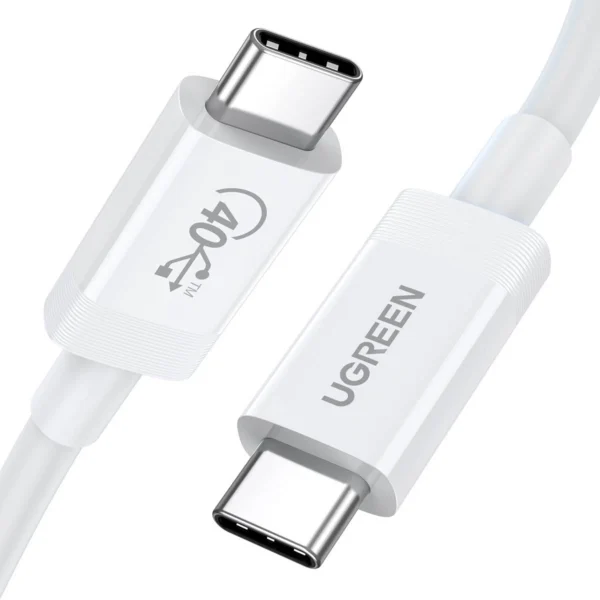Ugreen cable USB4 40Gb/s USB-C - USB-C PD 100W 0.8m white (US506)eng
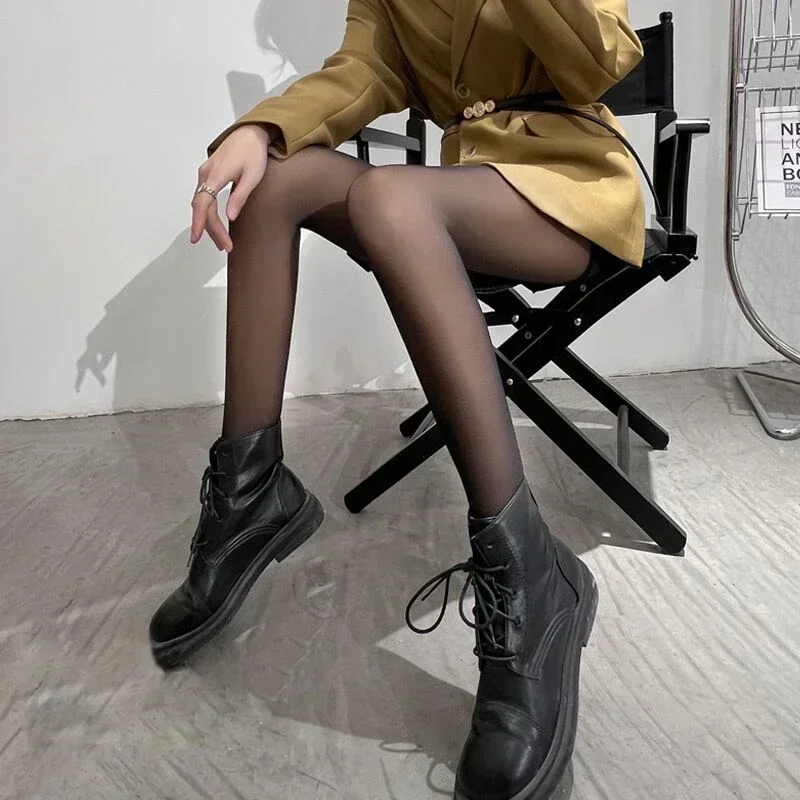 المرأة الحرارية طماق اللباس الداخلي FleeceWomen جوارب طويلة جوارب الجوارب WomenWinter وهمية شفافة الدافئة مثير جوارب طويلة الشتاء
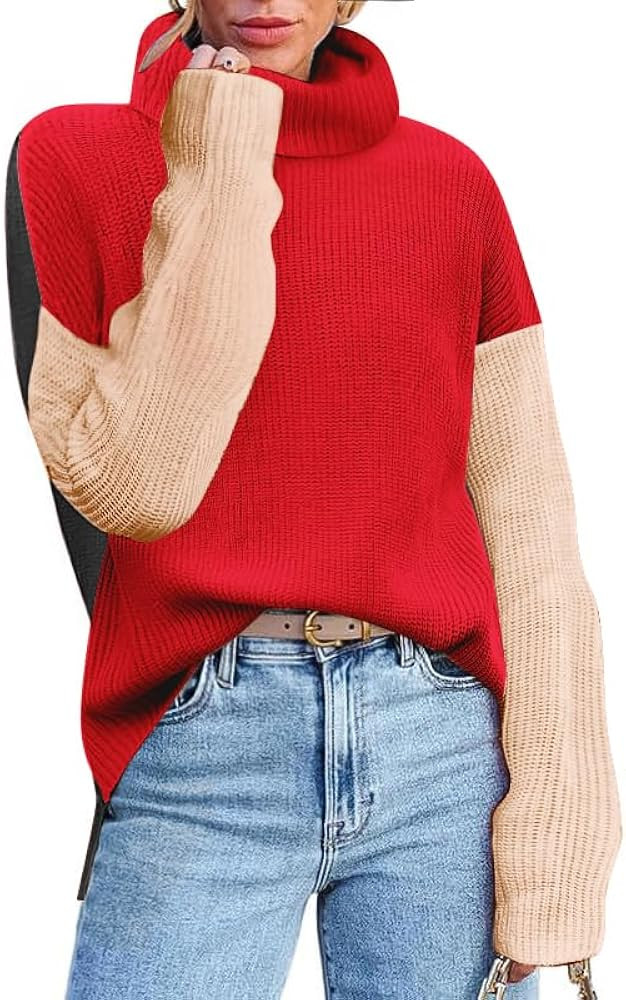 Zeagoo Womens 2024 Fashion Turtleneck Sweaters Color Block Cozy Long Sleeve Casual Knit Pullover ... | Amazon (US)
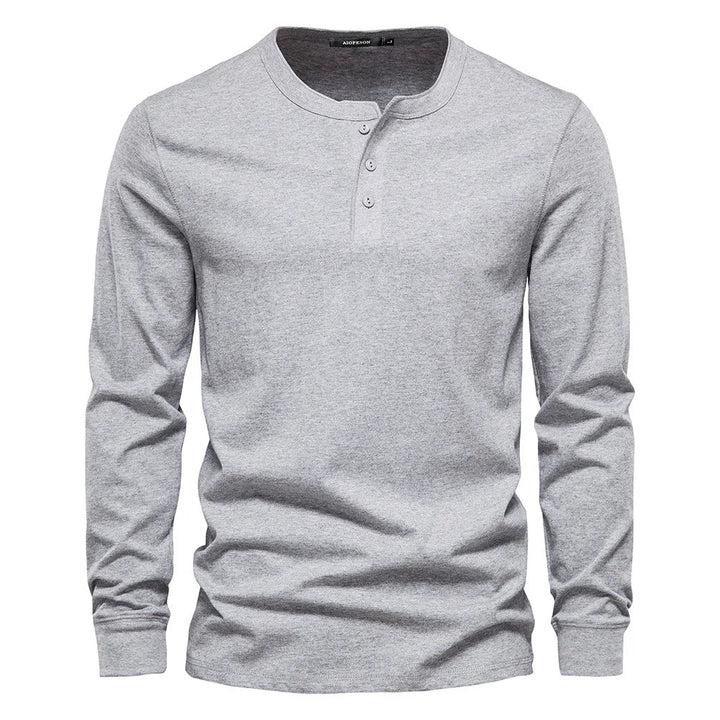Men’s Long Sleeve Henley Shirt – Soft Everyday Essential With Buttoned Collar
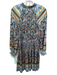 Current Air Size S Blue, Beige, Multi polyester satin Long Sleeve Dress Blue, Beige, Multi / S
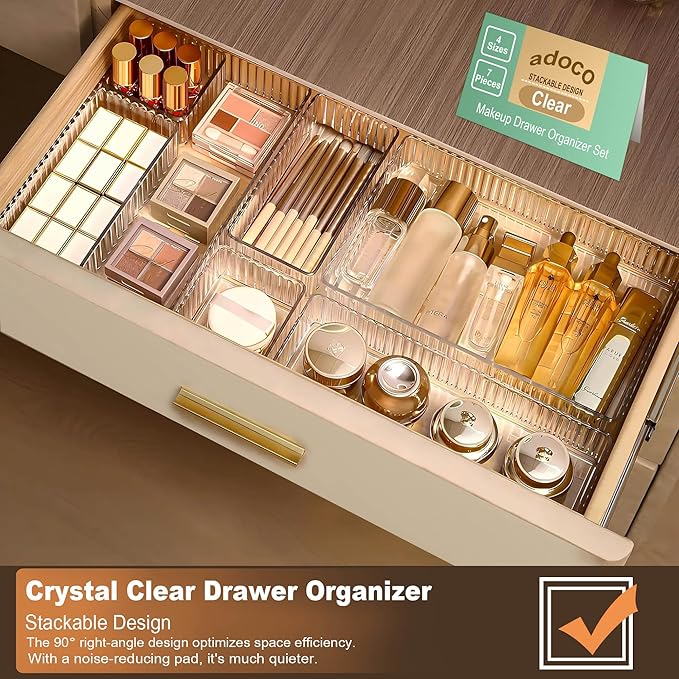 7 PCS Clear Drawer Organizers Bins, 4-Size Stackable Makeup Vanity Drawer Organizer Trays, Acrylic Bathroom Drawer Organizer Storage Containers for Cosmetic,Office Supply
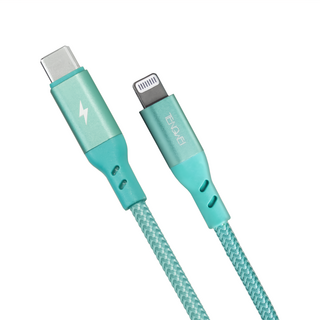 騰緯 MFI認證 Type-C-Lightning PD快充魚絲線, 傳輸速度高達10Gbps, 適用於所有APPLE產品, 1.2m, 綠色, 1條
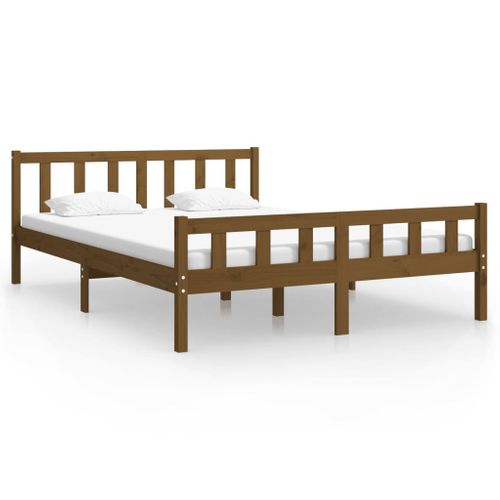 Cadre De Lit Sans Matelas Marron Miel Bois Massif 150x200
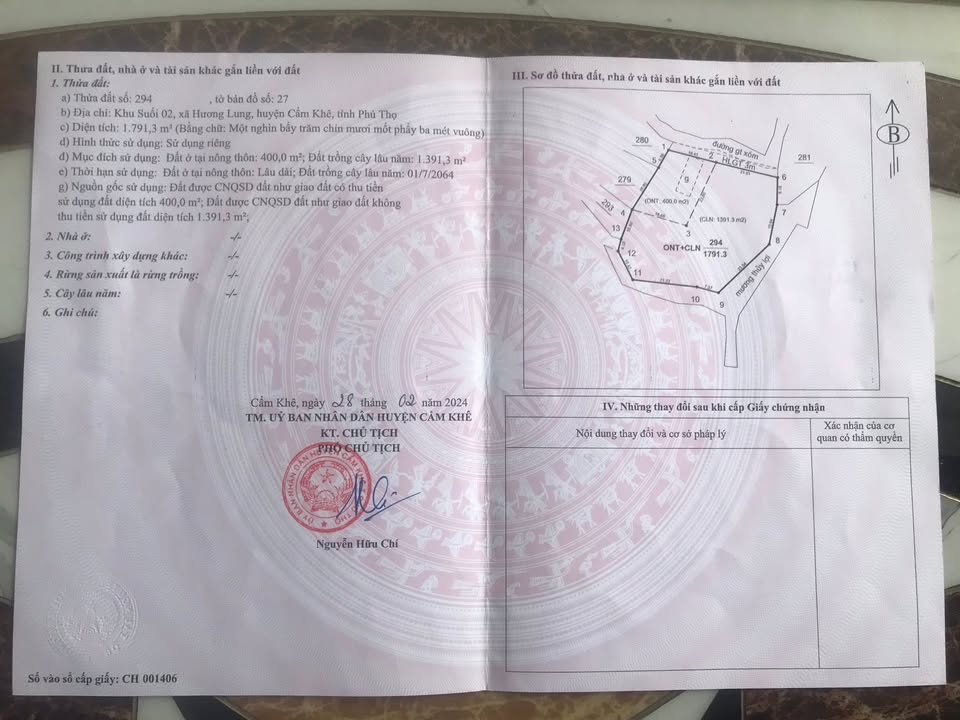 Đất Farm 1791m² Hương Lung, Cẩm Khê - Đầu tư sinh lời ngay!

★ ★ ★ ★ ★ ★ ★

Work to complete – Repeat, line for line and exactly, the material from its first line through the line that contains "المرأة الحرارية طماق", both ends included; no pictures belong in the copy.

Response to the exercise –
Ugreen cable USB4 40Gb/s USB-C - USB-C PD 100W 0.8m white (US506)eng
 المرأة الحرارية طماق اللباس الداخلي FleeceWomen جوارب طويلة جوارب الجوارب WomenWinter وهمية شفافة الدافئة مثير جوارب طويلة الشتاء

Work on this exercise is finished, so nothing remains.